◆ What you need to do ◆
Could each entry below be written out exactly, with every picture dropped?

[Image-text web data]

+++++

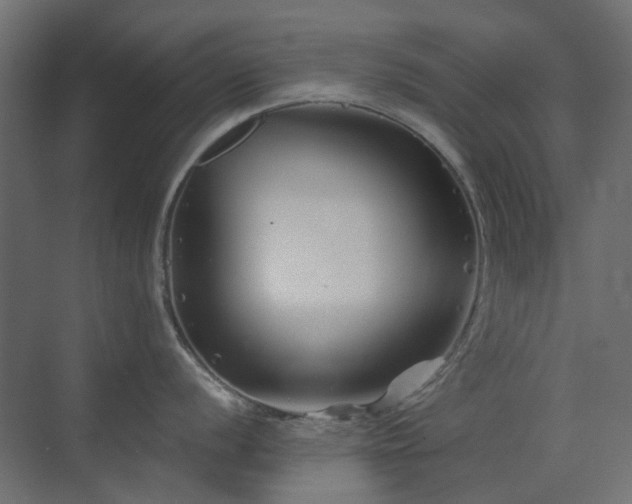 X0000073501056200607311247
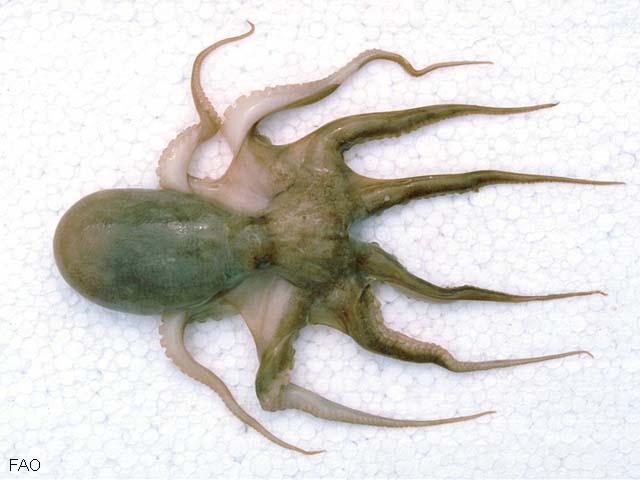 Octopus hongkongensis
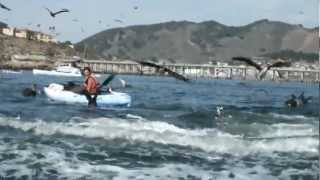 Humpback Whale VS 2 Women in kayaks [upl. by Ahsined]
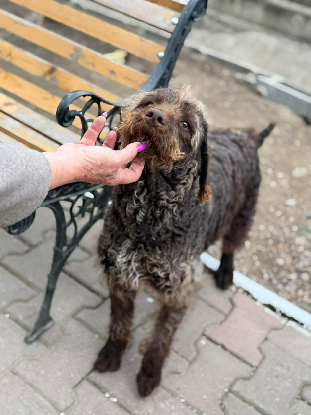 Adoption Biscotte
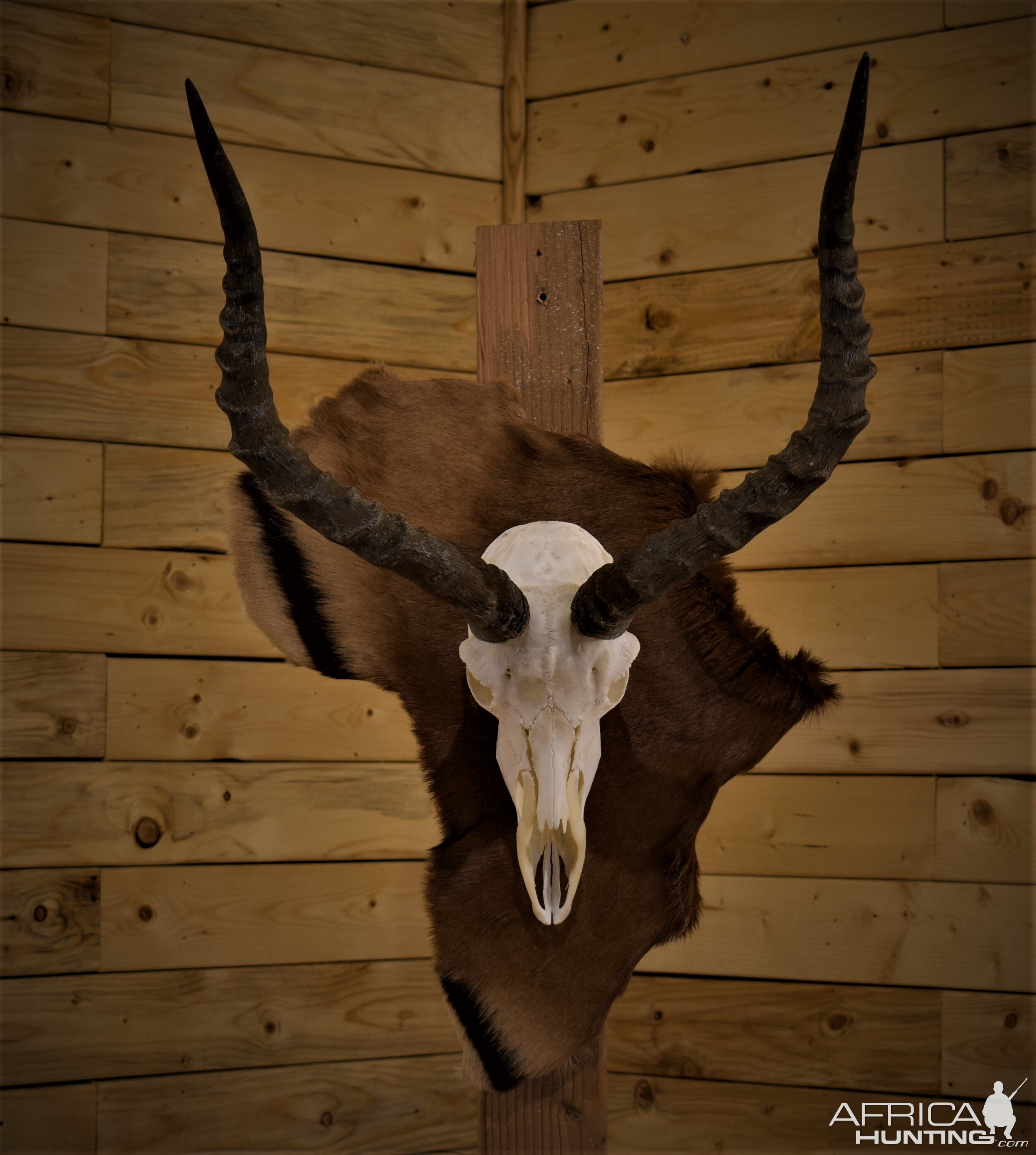 Impala European Skull Mount Taxidermy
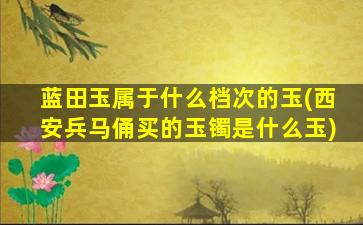 蓝田玉属于什么档次的玉(西安兵马俑买的玉镯是什么玉)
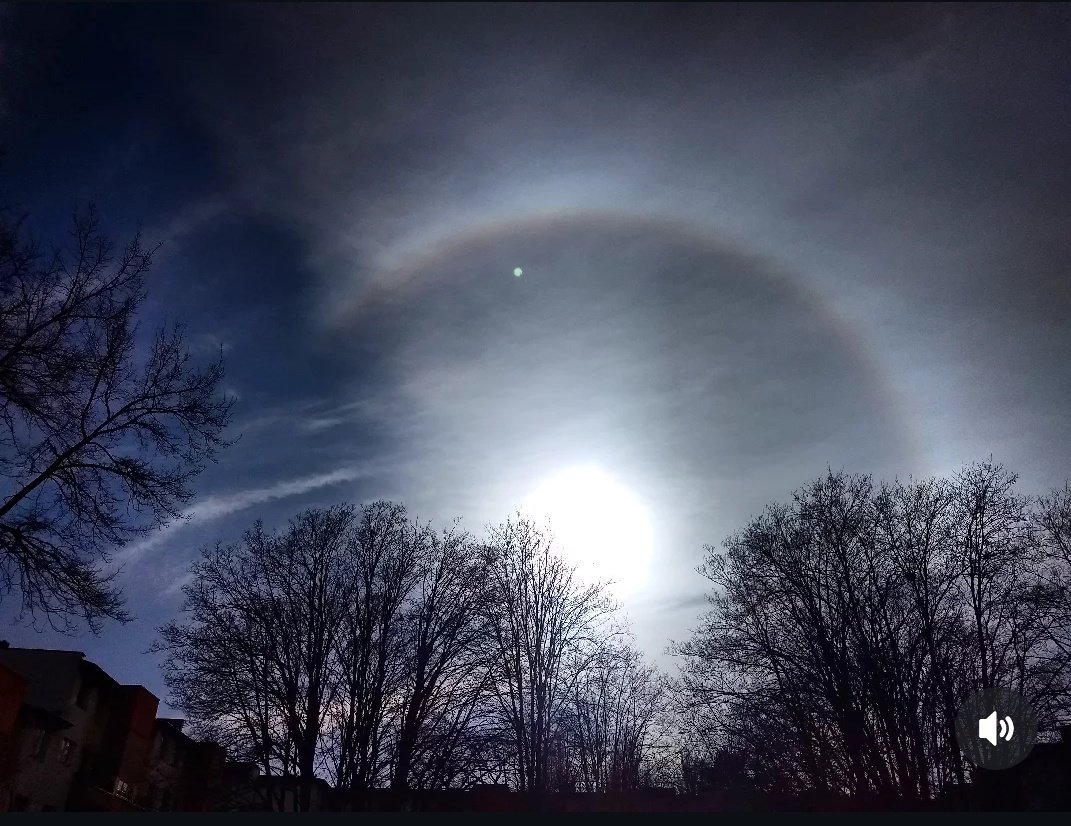 Jessica Heindorff tweet media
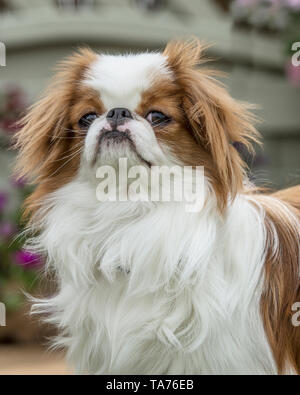 Japanische Kinn Hund Stockfoto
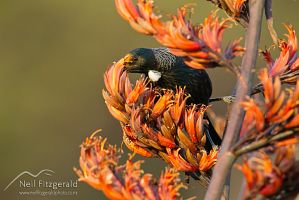 Tui on flax flowers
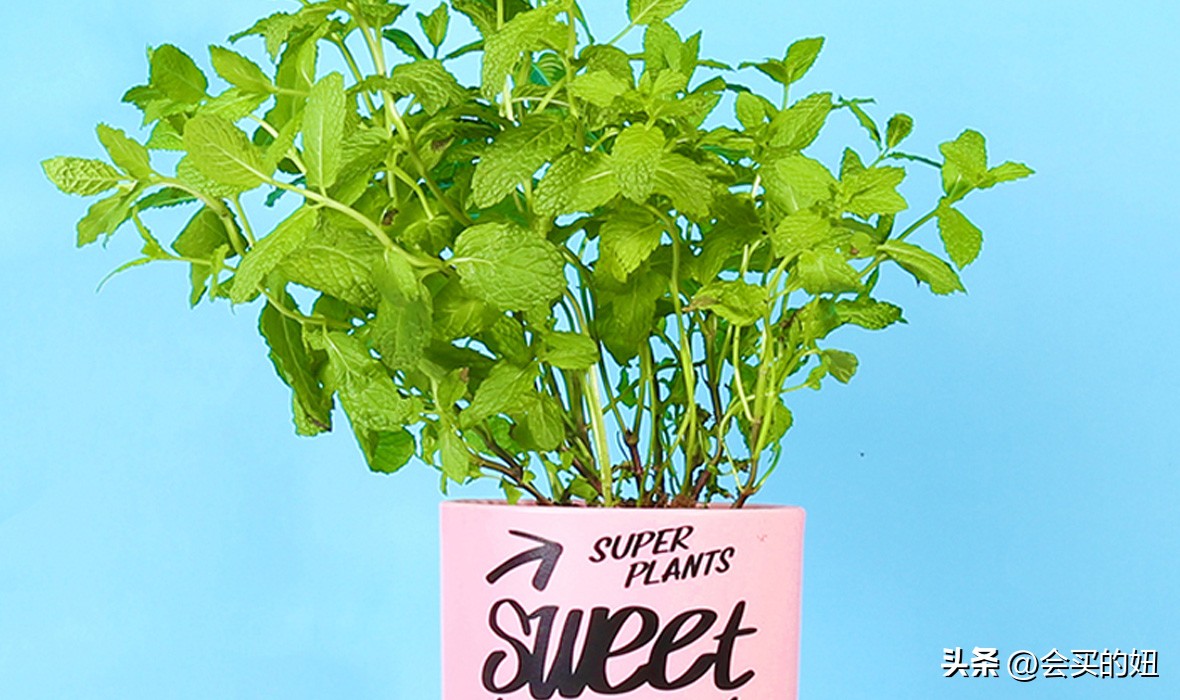 价格便宜且又有实用价值的绿植,家里值得买的绿植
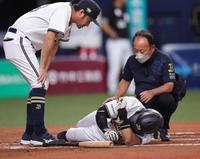 　６回、宗は自打球を足に当て倒れ込む（撮影・坂部計介）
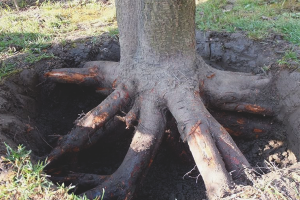 Come sbarazzarsi delle radici degli alberi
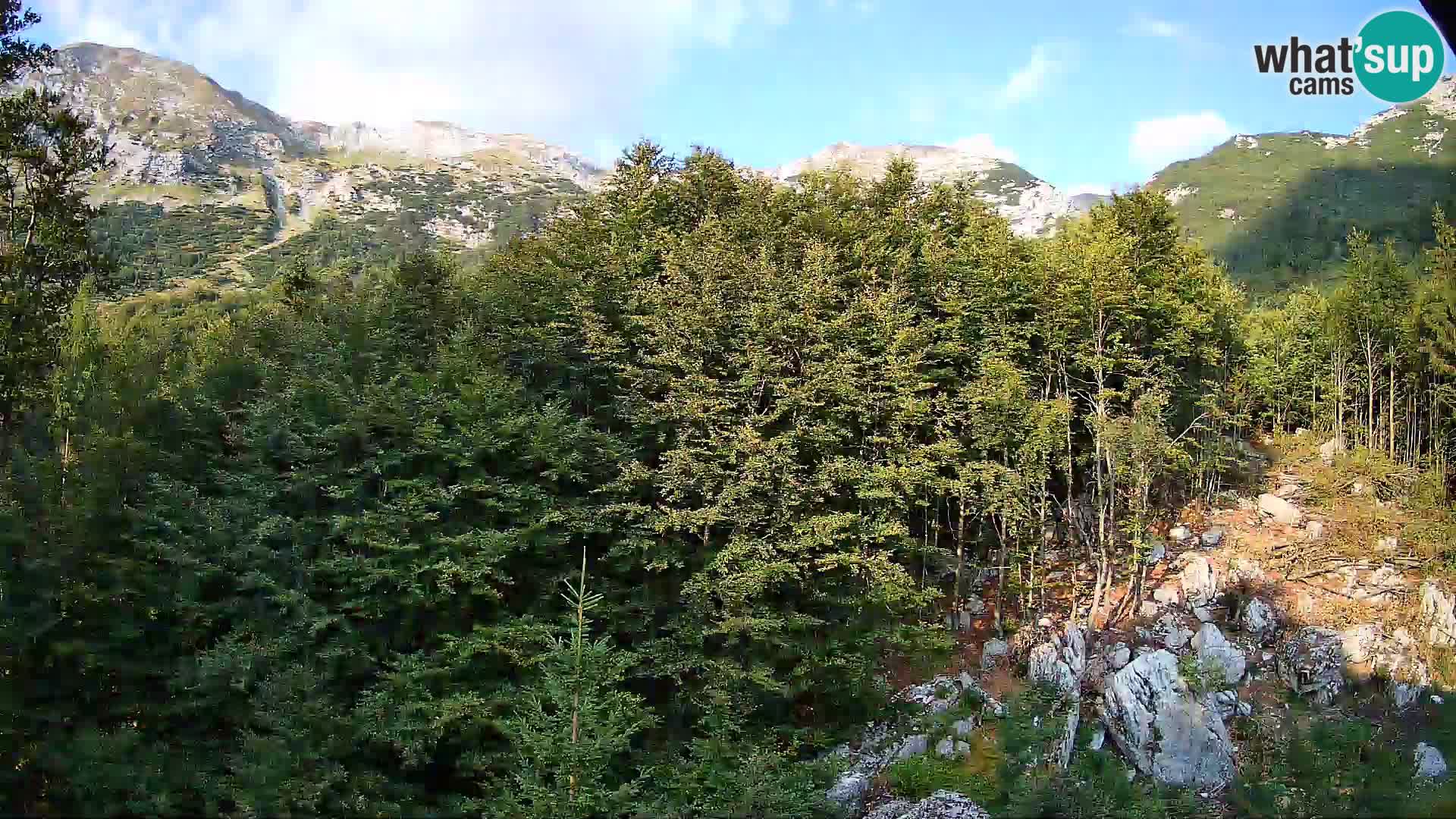 Cámara web PLANINA RAZOR (1315) | vista a Vogel y Globoko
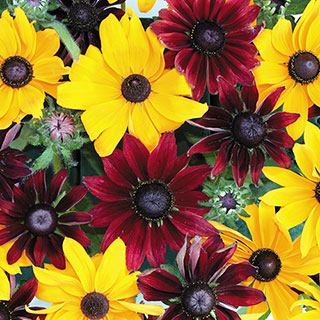 Ruby Gold Rudbeckia Seeds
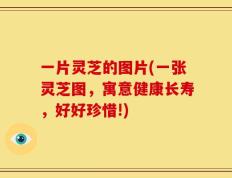 一片灵芝的图片(一张灵芝图，寓意健康长寿，好好珍惜!)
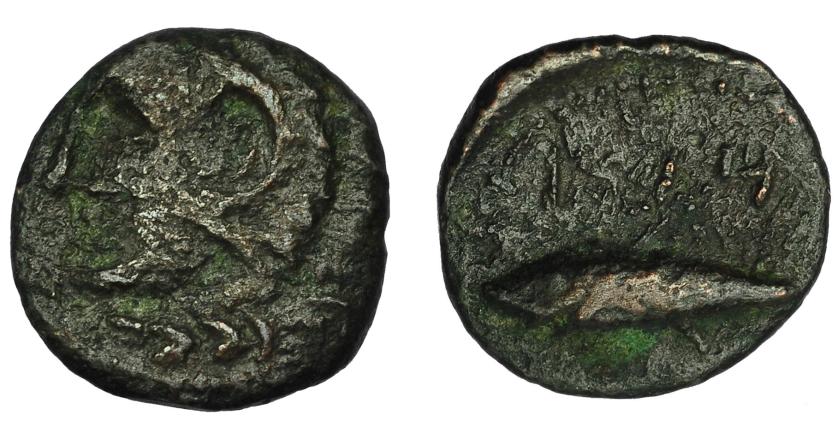 29   -  HISPANIA ANTIGUA. GADIR. Mitad o cuarto. A/ Cabeza de Melkart a izq. R/ Atún a izq., encima m`pl/ (´gdr). AE 1,53 g. 14,9 mm.  I-1346. ACIP-692. Pátina oscura. BC+. Escasa.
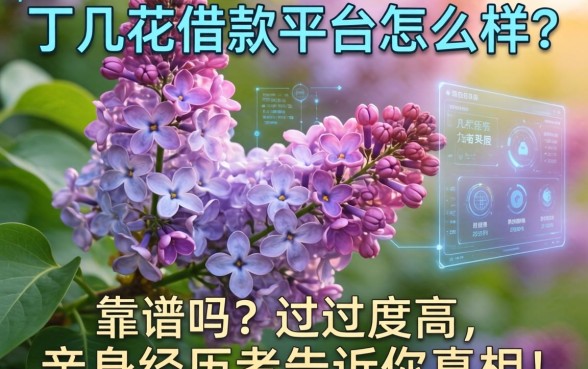 丁香花借款平台怎么样？靠谱吗？通过率高吗？亲身经历者告诉你真相！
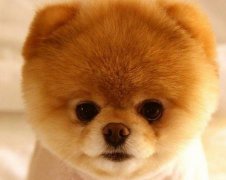 2017年9月生宝宝黄道吉日查询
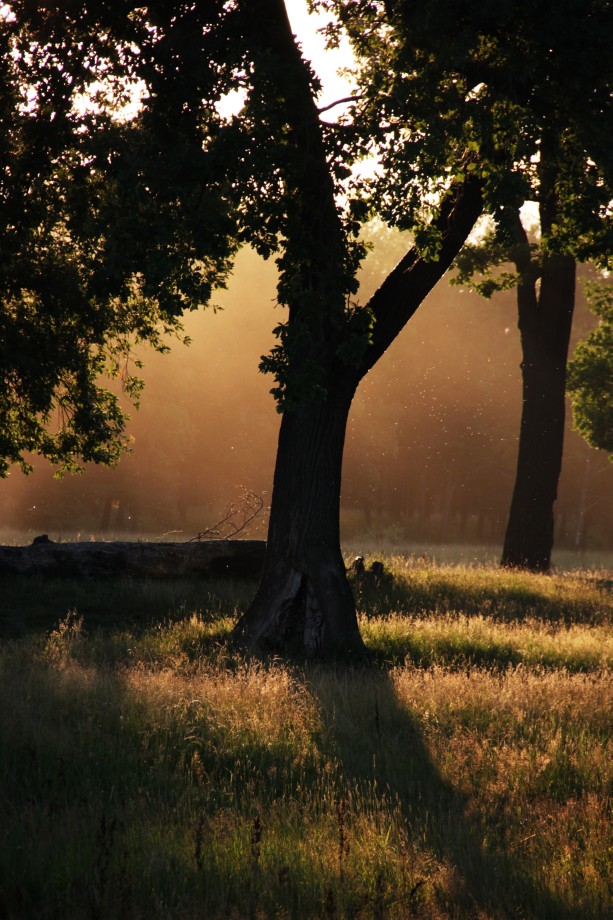 photo "***" tags: landscape, fragment, forest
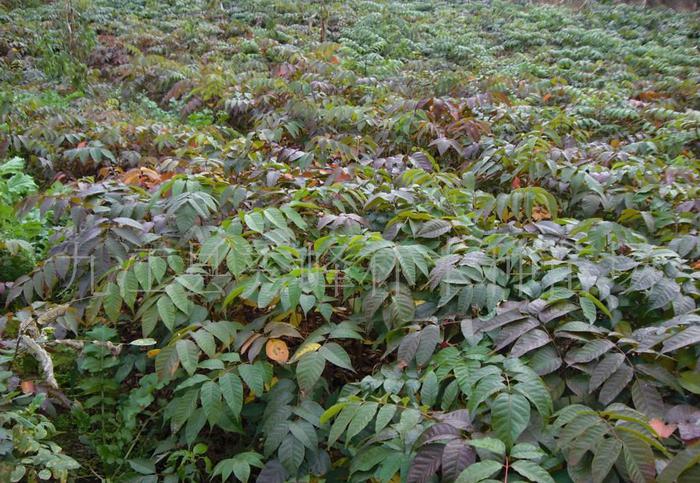 小漆樹(漆樹屬植物)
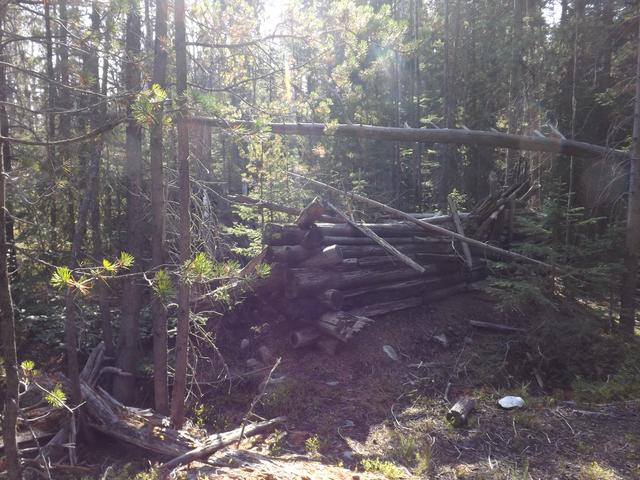 DSCF1218.JPG
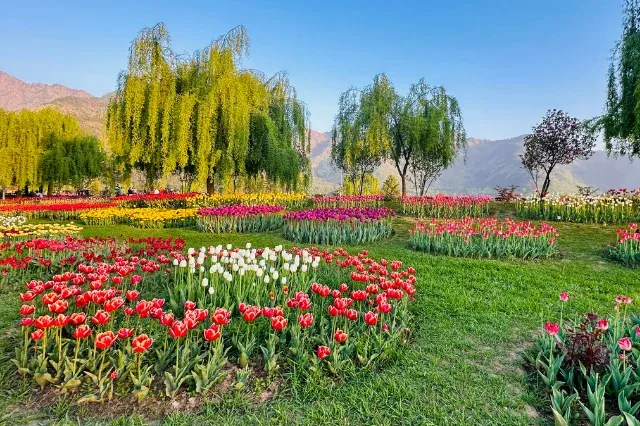 Kashmir Tulip Tour package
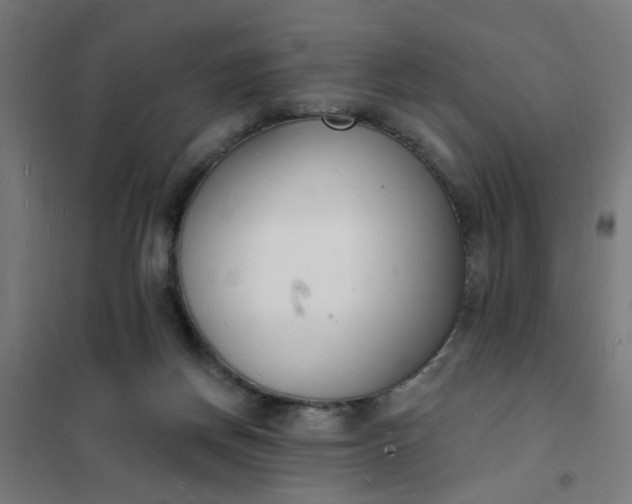 X0000101690166200807241417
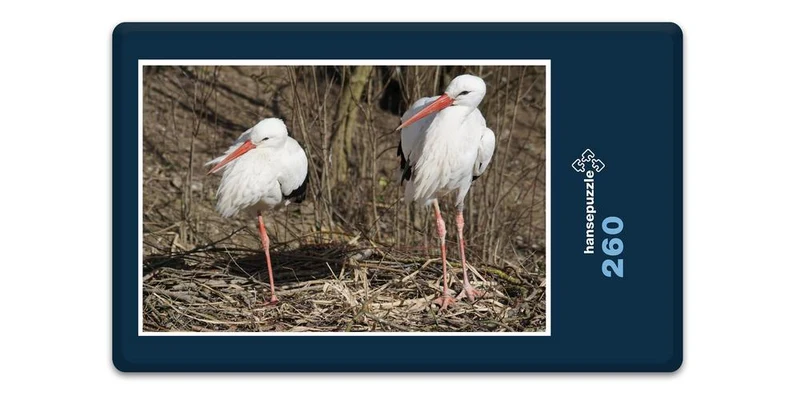 16697 Tierwelt - Storch-Familie Puzzle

+++++

◆ Response box ◆
 X0000073501056200607311247
 Octopus hongkongensis
 Humpback Whale VS 2 Women in kayaks [upl. by Ahsined]
 Adoption Biscotte
 Impala European Skull Mount Taxidermy
 蓝田玉属于什么档次的玉(西安兵马俑买的玉镯是什么玉)
 Jessica Heindorff tweet media
 Japanische Kinn Hund Stockfoto
 Tui on flax flowers
 价格便宜且又有实用价值的绿植,家里值得买的绿植
 　６回、宗は自打球を足に当て倒れ込む（撮影・坂部計介）
 Come sbarazzarsi delle radici degli alberi
 Cámara web PLANINA RAZOR (1315) | vista a Vogel y Globoko
 Ruby Gold Rudbeckia Seeds
 一片灵芝的图片(一张灵芝图，寓意健康长寿，好好珍惜!)
 29   -  HISPANIA ANTIGUA. GADIR. Mitad o cuarto. A/ Cabeza de Melkart a izq. R/ Atún a izq., encima m`pl/ (´gdr). AE 1,53 g. 14,9 mm.  I-1346. ACIP-692. Pátina oscura. BC+. Escasa.
 丁香花借款平台怎么样？靠谱吗？通过率高吗？亲身经历者告诉你真相！
 2017年9月生宝宝黄道吉日查询
 photo "***" tags: landscape, fragment, forest
 小漆樹(漆樹屬植物)
 DSCF1218.JPG
 Kashmir Tulip Tour package
 X0000101690166200807241417
 16697 Tierwelt - Storch-Familie Puzzle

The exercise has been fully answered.